A late lunch on Monday allowed me to catch the live vote from the House of Representatives on the cable news channels as the compromise measure for the bailout of our financial institutions was taking place. One by one as the members of the House voted, Wall Street kept watch. In a smaller box on the TV screen the numbers of the Dow were being monitored. Down and down they fell to over 700 before climbing again, and hanging around 500 for a period of time in the afternoon. In the final minutes of the trading day, as we all know, the bottom fell out and the market closed 777 points lower, the largest point loss of any day in history. That translated into a $1.1 trillion loss in the market.
Some of my readers on Monday took exception to my anger…..and yes it is OK to be angry and pissed…. over the fact that some in our country have put us on this road that we now must travel. I am not the only one that spent a chunk of the afternoon stung by disbelief as CNN and MSNBC broadcast the news that only kept getting worse. To see the brokers on Wall Street standing and watching the same newscasts as I was, knowing that they were as perplexed and justifiably angry as I was, provided no comfort.
We have all lived with a high degree of anxiety on a daily basis over these last eight years. From a most curious election outcome in 2000, the terrorist attack on 9/11, the American invasion of Iraq, and now to the economic calamity has produced an electorate with more pessimism than anything else in our daily outlook. It is very unsettling. This is indeed a sad state of affairs for what we are led to believe is ‘the greatest nation in the world’. This afternoon it felt like we were slipping fast, and were totally out of control. Even those who swore an oath to deal with the complexities of the nation seemed unable to stand up to the winds of uncertainty. It left many Americans justifiably nervous.

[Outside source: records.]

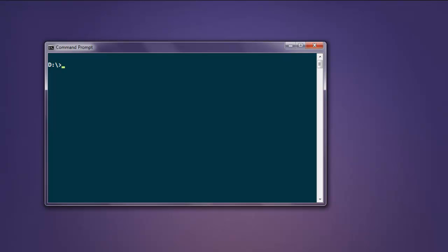Hi there, in this video I'm going to show you how to find an element by link text. For that we are making use of Selenium WebDriver for Ruby, so make sure that you have this gem installed on your operating system. Type in gem install selenium-webdriver, and once you install this gem you can execute the code explained in this video.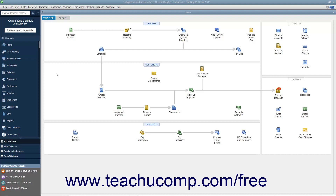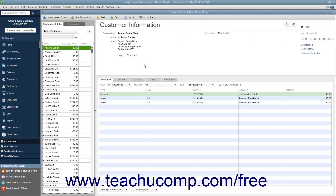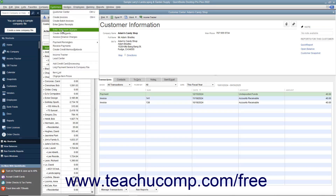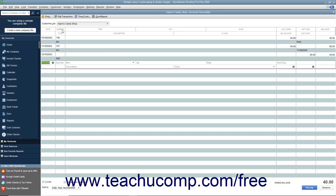You can access a customer's accounts receivable register by opening the Customers and Jobs list within the Customer Center. Select the customer to whom you want to assess statement charges within the list, and then select Customers. Enter statement charges from the menu bar to display that customer's accounts receivable register.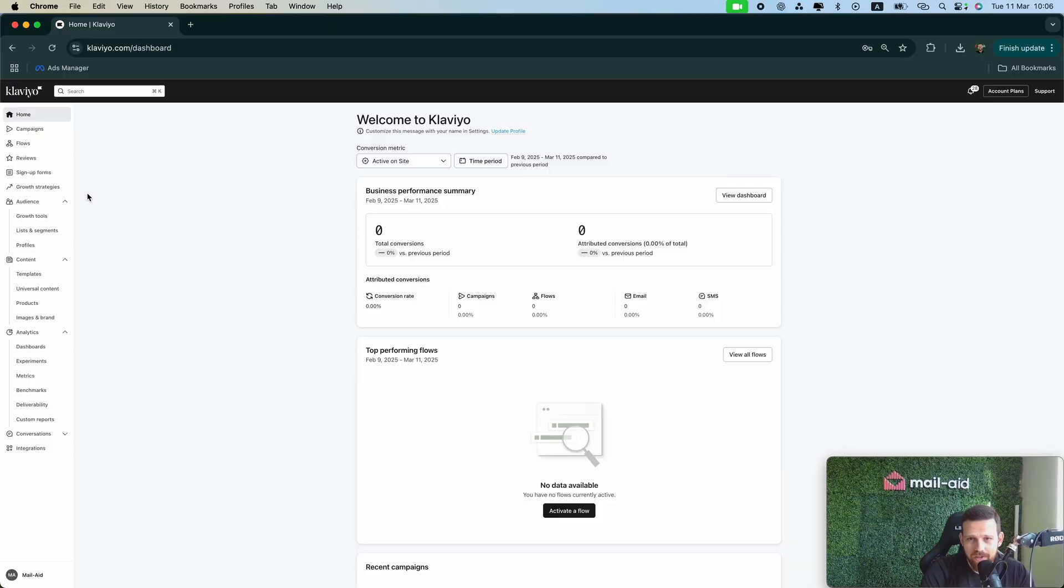So let me jump into Klaviyo and I'll show you step by step how to ensure that the code you are promising your new email subscribers in your pop-up is sent immediately to anyone who signs up through your pop-up.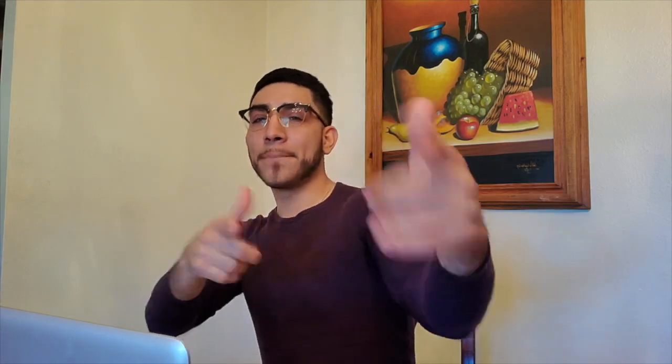First and foremost, I'm going to be showing you how to rank your website for a targeted translated language in the same country. So in my experience I do Spanish in the US. Just to make it clear, I'm not targeting another country, I'm simply targeting another audience in the same country.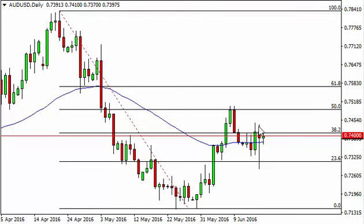If we can break above the hammer on Thursday, that's a bullish sign and we could continue to go higher. Pullbacks at this point I'm going to ignore — I don't really have any interest in selling. But regardless of what happens, I think we're going to have a lot of volatility.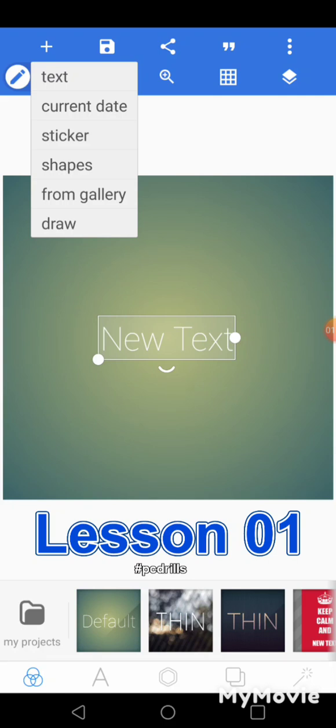Then you have shapes — shapes like rectangle, triangle, line, square, circle, and so on. From gallery, you can import something from your phone's gallery. That means if you have an image you want to use for your design, you can take it from the gallery. You also have draw — this draw gives you a pencil to use to draw your shapes.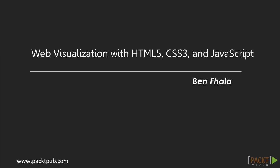Hi, my name is Ben Fhala and you're watching a Packt Publishing production. The course we're going to be taking is Web Visualization with HTML5, CSS3, and JavaScript.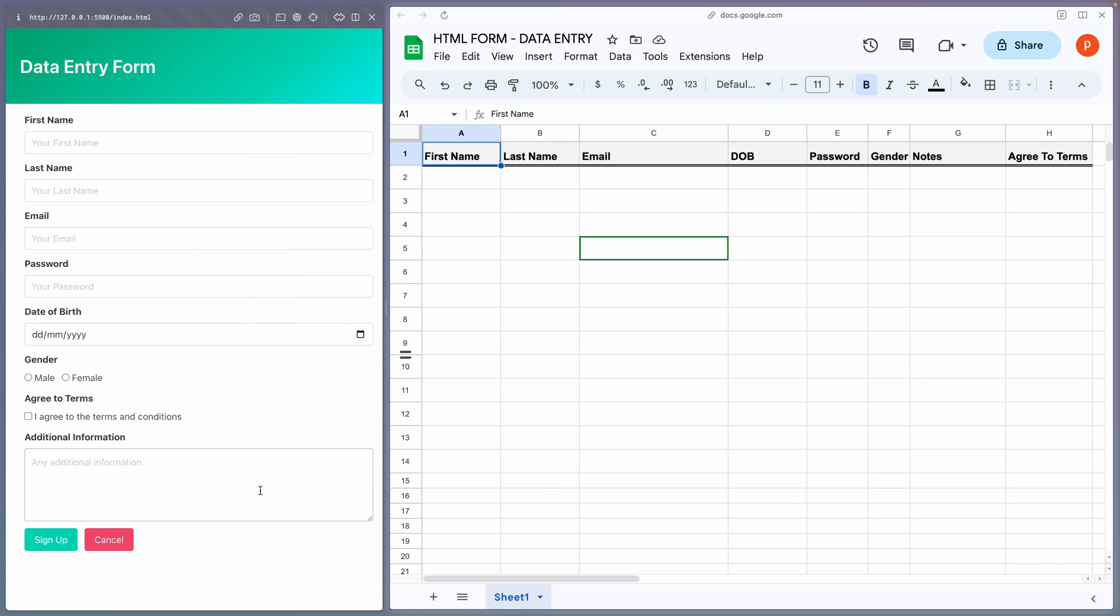Hello everyone! In this video I'll demonstrate how to use an HTML form to enter data into Google Sheets. Just to let you know, this does not require you to know HTML, although knowing it will definitely be helpful.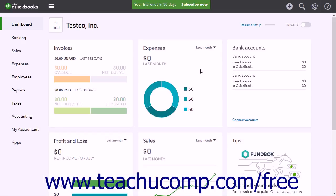If your company file is still in its trial period or within the first 60 days of your subscription, you can purge the company data. This deletes all existing data from your company file but keeps the company file itself. To purge company data, go to the Dashboard page.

For me to write that it did not have to be this way goes without saying. The actions, or lack of them over the past few days in Congress with bailout legislation, coupled with the greed and ethical lapses that have plagued so much of our society over the past decade, makes me very aware that we are on the wrong track as a nation. The fact that we are now all facing uncertain times due to the lack of strict regulations, and the absence of sober reasoning over the financial affairs of the nation should make us all angry. Those who chide us for being angry might just be ashamed of their role in creating the problems we face.
When we wake up on Tuesday we will face the news of bad market reports from the other side of the world. And we should brace ourselves for a rocky ride that might lead to more historic moments, none of which we will greet with enthusiasm.